Summary of performance impact of running on resource constrained devices such as SBCs

I've been running my homeserver on a cubietruck at home now for some time and am often replying to statements like "you need loads of ram to join large rooms" with "it works fine for me". I thought it might be useful to curate a summary of the issues you're likely to run into to help as a scaling-down guide, maybe highlight these for development work or end up as documentation. It seems that once you get up to about 4x1.5GHz arm64 4GiB these issues are no longer a problem.

Presence

This is the main reason people have a poor matrix experience on resource constrained homeservers. Element web will frequently be saying the server is offline while the python process will be pegged at 100% cpu. This feature is used to tell when other users are active (have a client app in the foreground) and therefore more likely to respond, but requires a lot of network activity to maintain even when nobody is talking in a room.

Screenshot_2020-10-01_19-29-46

While synapse does have some performance issues with presence #3971, the fundamental problem is that this is an easy feature to implement for a centralised service at nearly no overhead, but federation makes it combinatorial #8055. There is also a client-side config option which disables the UI and idle tracking enable_presence_by_hs_url to blacklist the largest instances but I didn't notice much difference, so I recommend disabling the feature entirely at the server level as well.

Joining

Joining a "large", federated room will initially fail with the below message in Element web, but waiting a while (10-60mins) and trying again will succeed without any issue. What counts as "large" is not message history, user count, connections to homeservers or even a simple count of the state events, it is instead how long the state resolution algorithm takes. However, each of those numbers are reasonable proxies, so we can use them as estimates since user count is one of the few things you see before joining.

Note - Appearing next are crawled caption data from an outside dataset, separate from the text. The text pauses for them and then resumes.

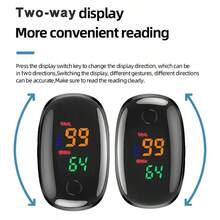 4PCS Finger Pulse Oximeter | SpO2 + Heart Rate Monitor | Ergonomic Silicone Design | Portable For Adults And Children | Color LED Display | Elegant Packaging Box - Multicolor - View 4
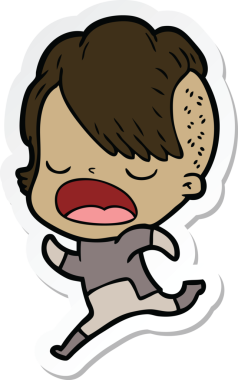 Bir insan tarafından çizilmiş havalı bir hippi kızın karikatür çıkartması.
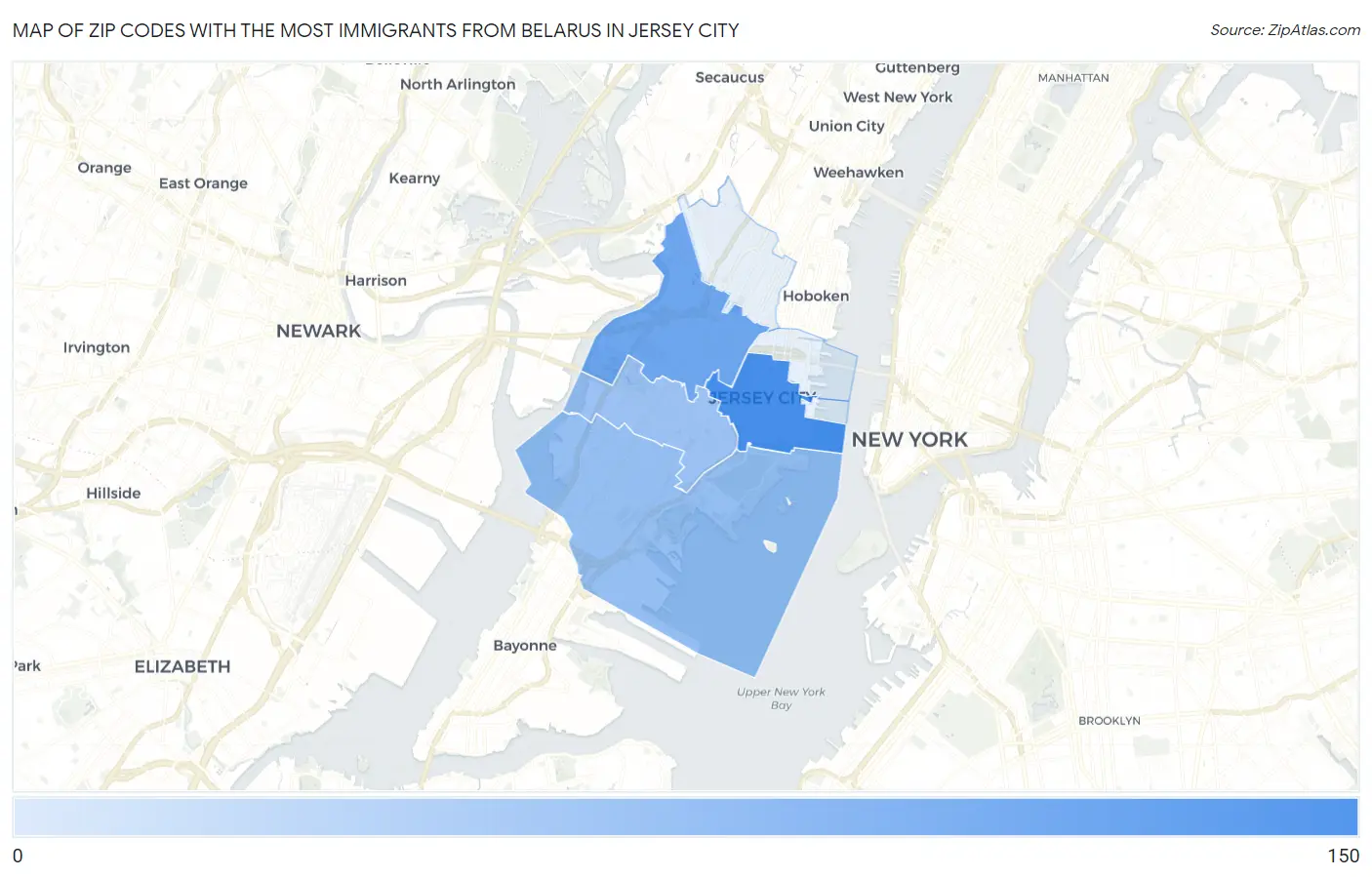 Zip Codes with the Most Immigrants from Belarus in Jersey City Map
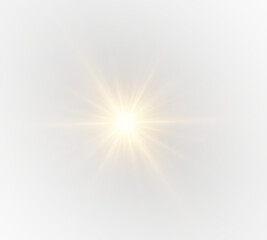 Obraz premium Golden sparkle ray and starlight flare as a bright overlay. Glowing lens glare with glittering shine and magic energy.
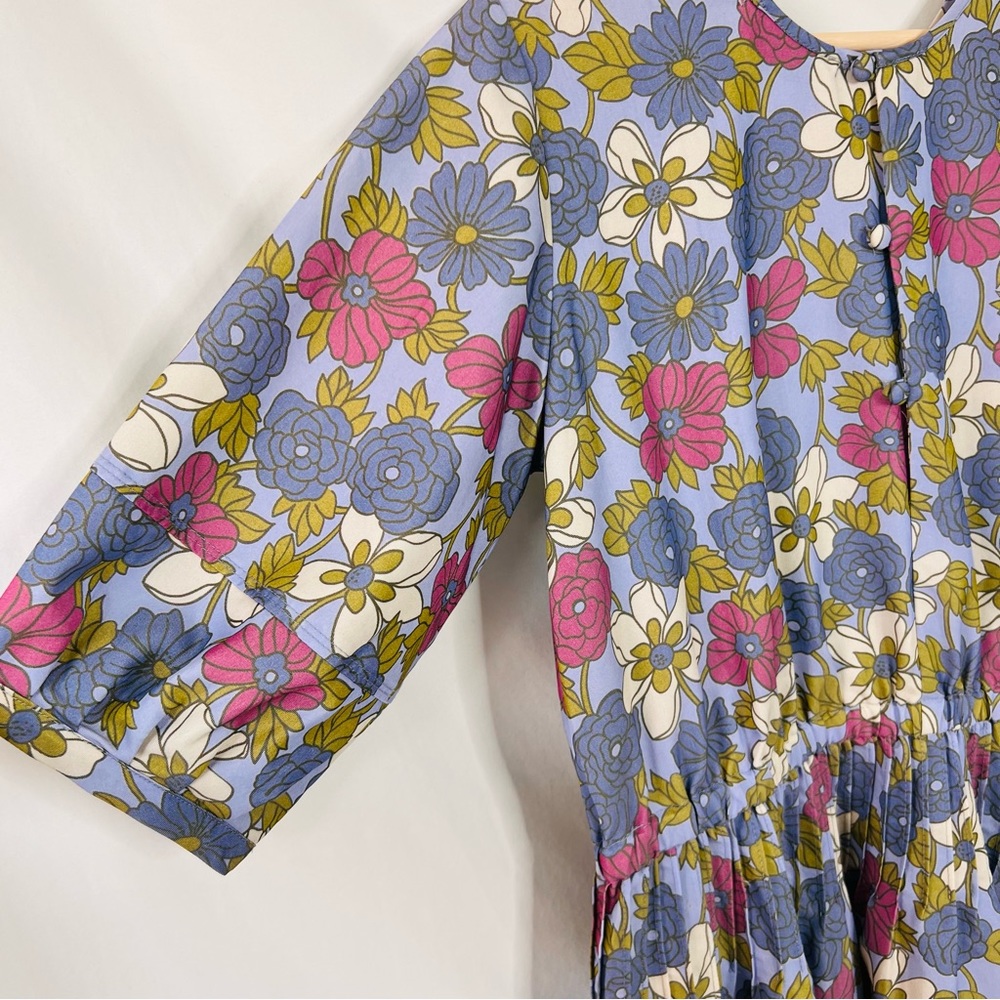 YMC London Floral Midi Smock Dress Size S 70s Mod Blue Pink Cotton Garden - Picture 8 of 16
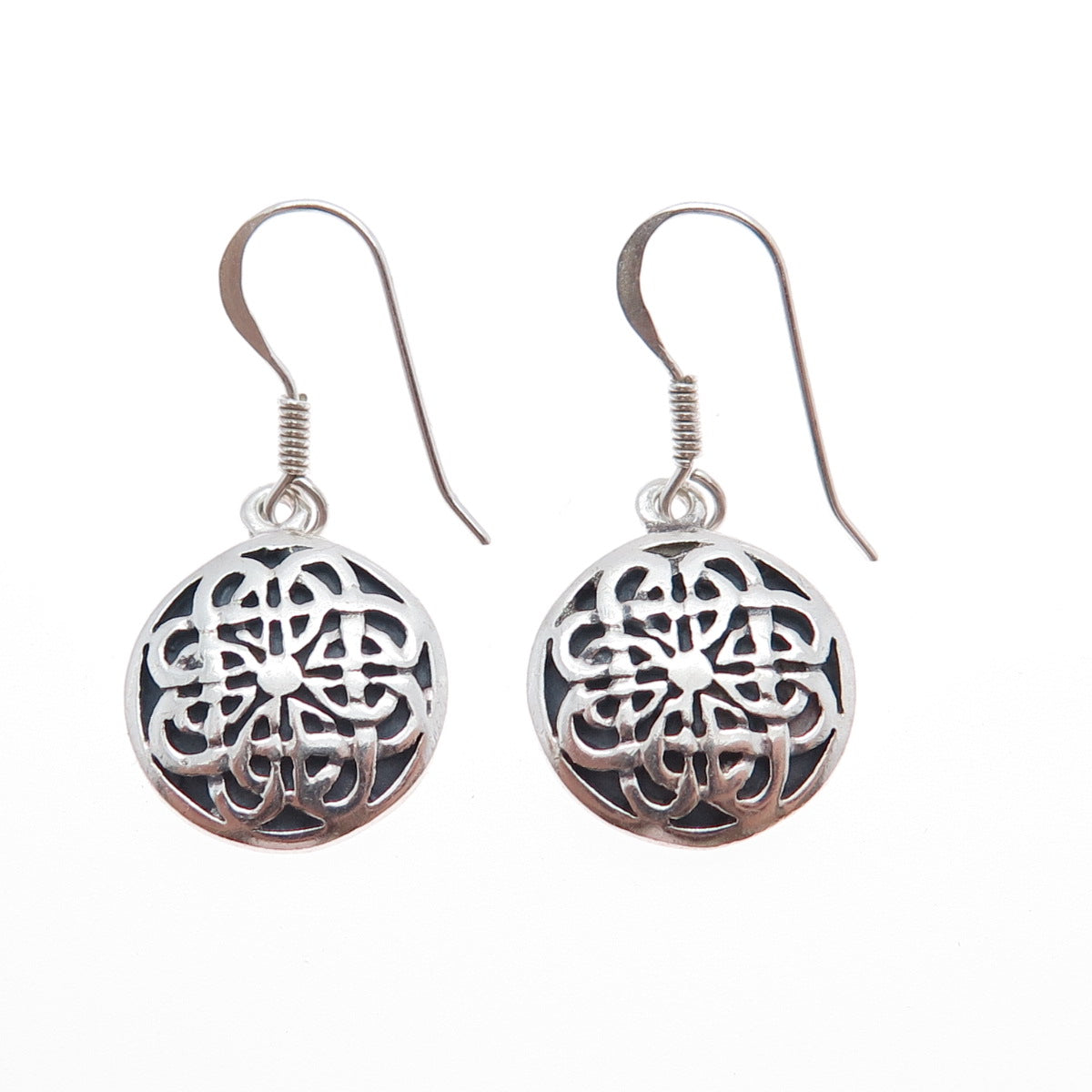 925 Sterling Silver Vintage Celtic Flower Oxidized Dangle Earrings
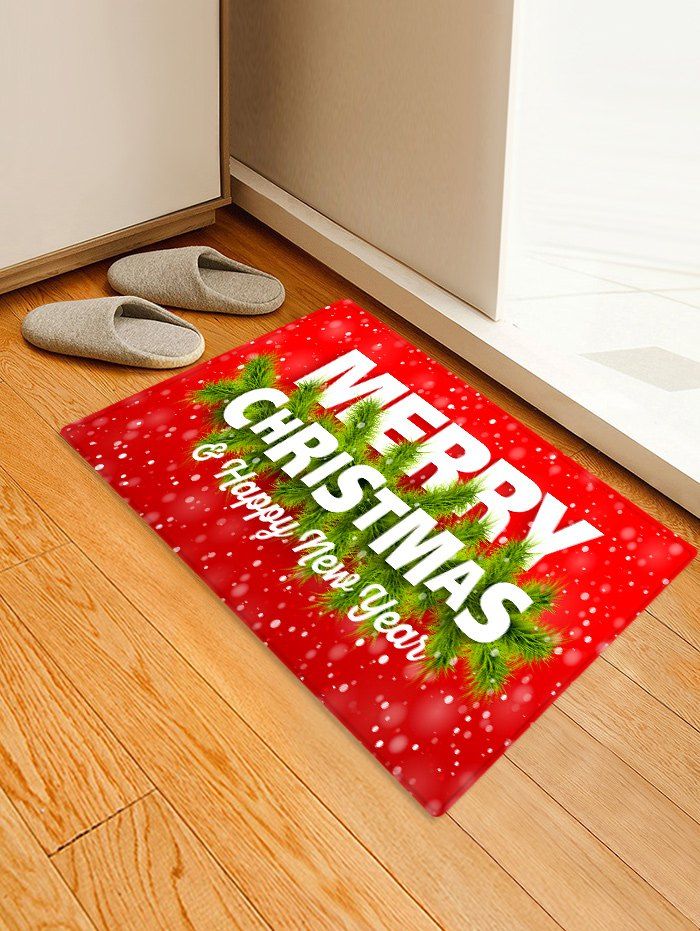 

Merry Christmas Printed Decorative Floor Mat, Lava red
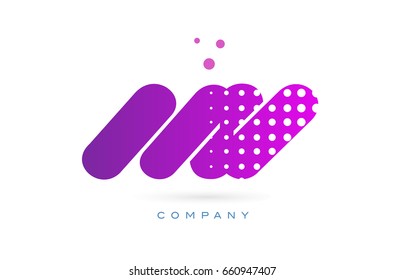 mv m v pink dots dotted letter logo alphabet creative company vector icon design template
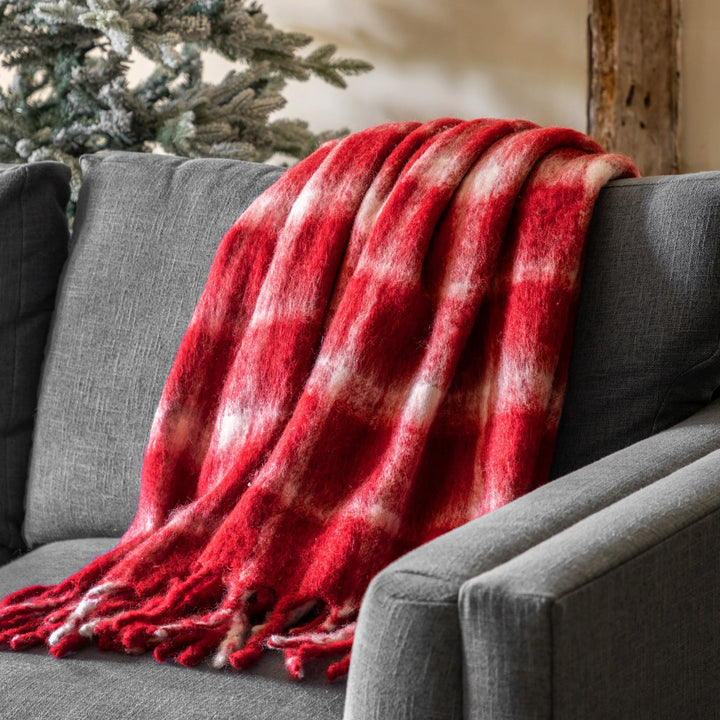 Heritage Check Faux Mohair Throw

Screenshot_2020-10-02_17-15-06

This is #1211 and will also hopefully be mitigated by peeking matrix-org/matrix-doc#2753 so at least you don't need to wait for a join to complete before finding out if it's the kind of room you want. Note that you should first disable presence, otherwise it'll just make the situation worse #3120. There is a lot of database interaction too, so make sure you've migrated your data from the default sqlite to postgresql. Personally, I recommend patience - once the initial join is complete there's rarely any issues with actually interacting with the room, but if you like you can just block "large" rooms entirely.

Sessions

Anything that requires modifying the device list #7721 will take a while to propagate, again taking the client "Offline" until it's complete. This includes signing in and out, editing the public name and verifying e2ee. The main mitigation I recommend is to keep long-running sessions open e.g. by using Firefox SSB "Use this site in App mode" or Chromium PWA "Install Element".

Put the below in a new file at /etc/matrix-synapse/conf.d/sbc.yaml to override the defaults in homeserver.yaml.

# Disable presence tracking, which is currently fairly resource intensive
# More info: https://github.com/matrix-org/synapse/issues/9478
use_presence: false

# Set a small complexity limit, preventing users from joining large rooms
# which may be resource-intensive to remain a part of.
#
# Note that this will not prevent users from joining smaller rooms that
# eventually become complex.
limit_remote_rooms:
  enabled: true
  complexity: 3.0

# Database configuration
database:
  # Use postgres for the best performance
  name: psycopg2
  args:
    user: matrix-synapse
    # Generate a long, secure password using a password manager
    password: hunter2
    database: matrix-synapse
    host: localhost

Currently the complexity is measured by current_state_events / 500. You can find join times and your most complex rooms like this:

admin@homeserver:~$ zgrep '/client/r0/join/' /var/log/matrix-synapse/homeserver.log* | awk '{print $18, $25}' | sort --human-numeric-sort
29.922sec/-0.002sec /_matrix/client/r0/join/%23debian-fasttrack%3Apoddery.com
182.088sec/0.003sec /_matrix/client/r0/join/%23decentralizedweb-general%3Amatrix.org
911.625sec/-570.847sec /_matrix/client/r0/join/%23synapse%3Amatrix.org

admin@homeserver:~$ sudo --user postgres psql matrix-synapse --command 'select canonical_alias, joined_members, current_state_events from room_stats_state natural join room_stats_current where canonical_alias is not null order by current_state_events desc fetch first 5 rows only'
        canonical_alias        | joined_members | current_state_events 
-------------------------------+----------------+----------------------
 #_oftc_#debian:matrix.org             |  871   |  52355
 #matrix:matrix.org                    |  6379  |  10684
 #irc:matrix.org                       |  461   |  3751
 #decentralizedweb-general:matrix.org  |  997   |  1509
 #whatsapp:maunium.net                 |  554   |  854